**Directions for this task**
Could you reproduce the entries exactly, omitting every picture?

**Dataset excerpts**
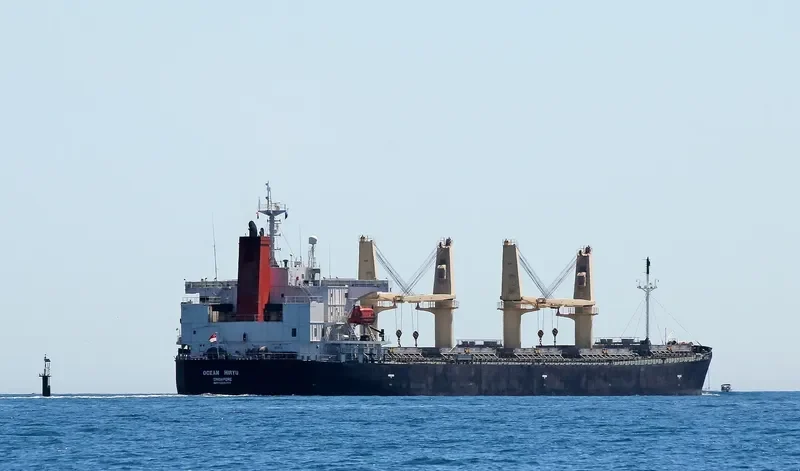 OCEAN HIRYU Bulk Carrier IMO 9263265 photo 7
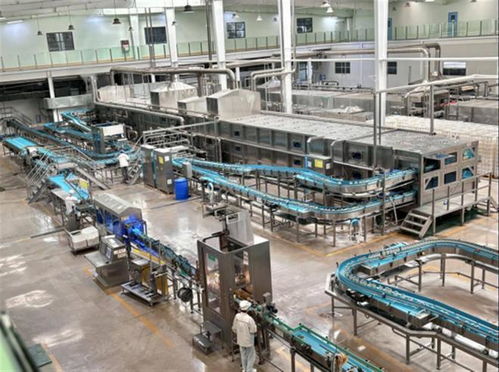 從產品創(chuàng)新到 芯片 育種 百億減免 促孝感米酒煥發(fā)新活力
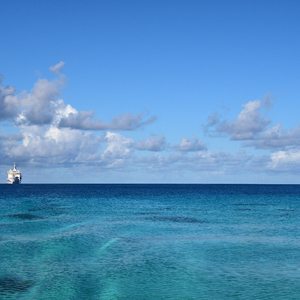 一区二区三区国产高清无码
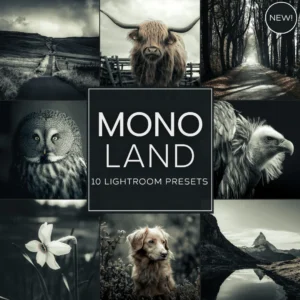 Woodland - Mono Land LIMITED Lightroom Presets Pack — Bộ sưu tập preset dành cho nhiếp ảnh thiên nhiên (xmp/acr) E136D33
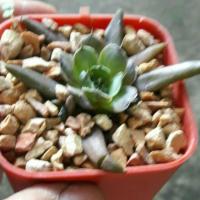 ราคา ต้นกระบองเพชร แคคตัส ยิมโน กุหลาบหิน (4402512016)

**Written answer**
 OCEAN HIRYU Bulk Carrier IMO 9263265 photo 7
 從產品創(chuàng)新到 芯片 育種 百億減免 促孝感米酒煥發(fā)新活力
 一区二区三区国产高清无码
 Woodland - Mono Land LIMITED Lightroom Presets Pack — Bộ sưu tập preset dành cho nhiếp ảnh thiên nhiên (xmp/acr) E136D33
 ราคา ต้นกระบองเพชร แคคตัส ยิมโน กุหลาบหิน (4402512016)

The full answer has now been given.